WHAT YOU NEED TO DO ->
Excluding any images, copy all of the lines below precisely as written.

GIVEN MATERIAL ->
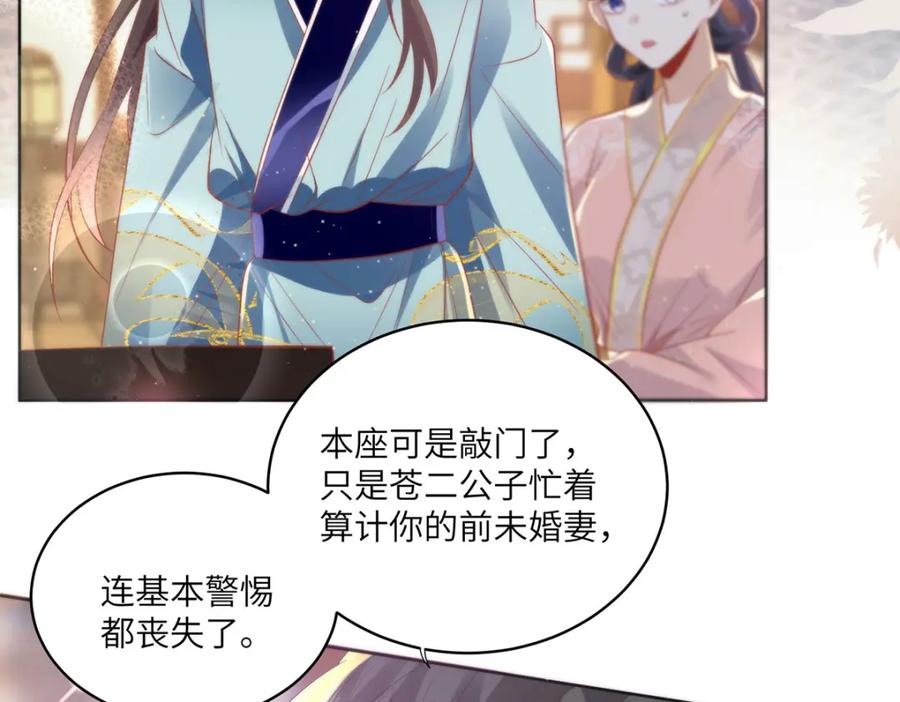 野狐狸与高岭花谁会先掉马？ - 24 我啊，只想要…… - 第63张图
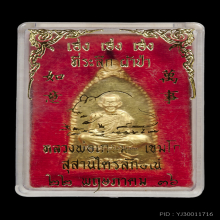 เหรียญเซ็งลี้ฮ้อ เฮง เฮง เฮง ปี 2536 เนื้อทองคำ ลพ เกษม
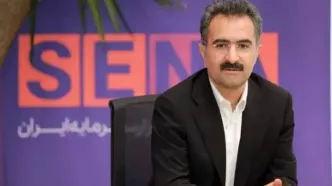 بیمه سهام و انتشار اوراق تبعی ۲۰ همتی صندوق تثبیت وارد فاز اجرا شد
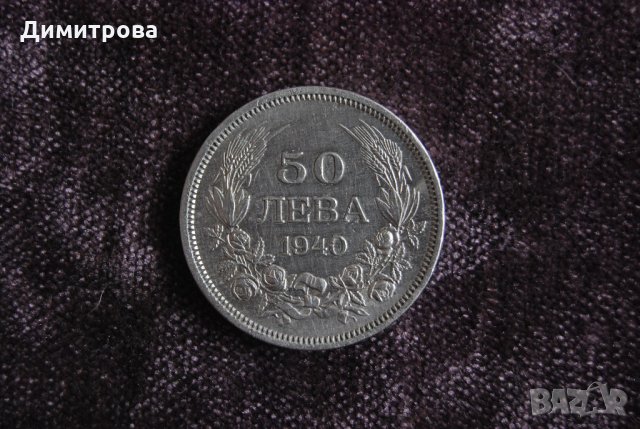 50 лева Царство България 1940 Цар Борис III, снимка 1 - Нумизматика и бонистика - 22067006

SOLUTION TO THIS PROBLEM ->
 野狐狸与高岭花谁会先掉马？ - 24 我啊，只想要…… - 第63张图
 เหรียญเซ็งลี้ฮ้อ เฮง เฮง เฮง ปี 2536 เนื้อทองคำ ลพ เกษม
 بیمه سهام و انتشار اوراق تبعی ۲۰ همتی صندوق تثبیت وارد فاز اجرا شد
 50 лева Царство България 1940 Цар Борис III, снимка 1 - Нумизматика и бонистика - 22067006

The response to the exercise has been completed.